Senior Engineers and Getting Things Done
It’s 2020, and I find myself 12 years into my career, as a Senior Software Engineer, trying to figure out what’s next. I found an article on Hacker News, by Swizec Teller, entitled “Why senior engineers get nothing done”. It articulated very well my experience moving up from and entry level engineer to an incredibly experienced senior engineer. The main idea is as you move up the experience ladders in software engineering, you spend an increasing amount of your time assisting others, collaborating, and coordinating. If left unchecked, this can kill your individual productivity (or the perception of your productivity).

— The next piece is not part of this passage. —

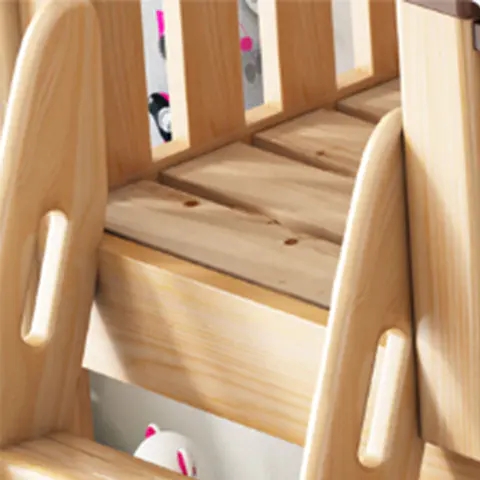 【Furniture】Solid wood children bunk bed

If you are a senior engineer, it’s a good read because it forces you to step outside of yourself and take into consideration all of the contributions you make to your team that don’t necessarily translate to number of lines of code written or pull requests opened. Personally, it was not always obvious that as I gained more experience, my most important contributions were all about laying the groundwork and the plan for a development team and not just building things. As a development team made up of a mixture of backgrounds and levels of experience (traditional college graduates, bootcamp graduates, interns, junior/mid level engineers), being in the senior engineering role means you need to “get good” at making each invididual teammates better if you want your team to be successful in a sustainable way.
Of course, this all works if you are incentivized by your engineering organization to assist your teammates.